**Exercise description:** From the data below, please reproduce exactly everything from the line that contains "YBLOC Smart Bird" down to the line that contains "Human topoisomerase IIα (PDB ID: 4FM9).", with both ends included.

**Data excerpts:**
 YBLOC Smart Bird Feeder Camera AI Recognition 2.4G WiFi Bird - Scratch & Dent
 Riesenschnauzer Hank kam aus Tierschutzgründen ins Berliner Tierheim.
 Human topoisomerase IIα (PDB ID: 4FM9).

...

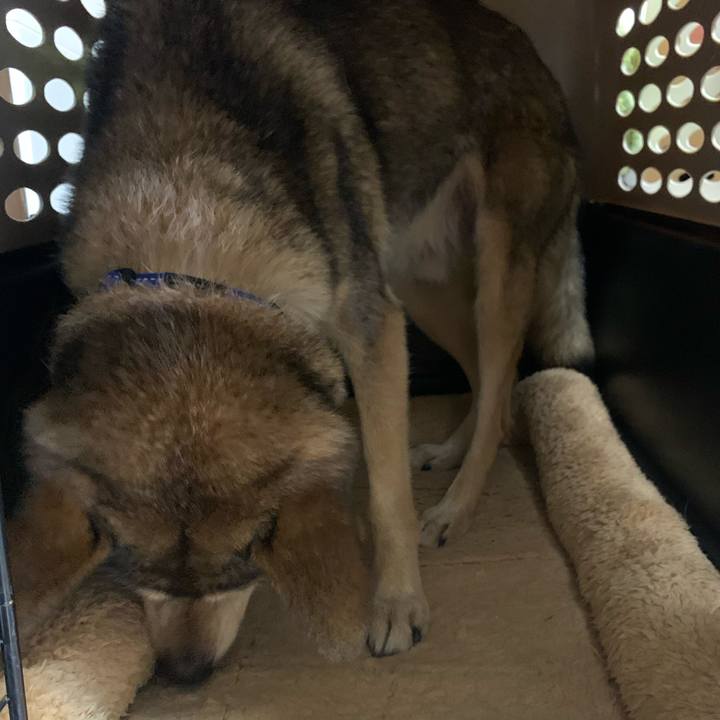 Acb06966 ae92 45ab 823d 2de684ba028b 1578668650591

==

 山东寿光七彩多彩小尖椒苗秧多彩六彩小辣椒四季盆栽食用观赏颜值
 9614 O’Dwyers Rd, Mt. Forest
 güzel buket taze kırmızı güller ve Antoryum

**Reply to the task:**
 YBLOC Smart Bird Feeder Camera AI Recognition 2.4G WiFi Bird - Scratch & Dent
 Riesenschnauzer Hank kam aus Tierschutzgründen ins Berliner Tierheim.
 Human topoisomerase IIα (PDB ID: 4FM9).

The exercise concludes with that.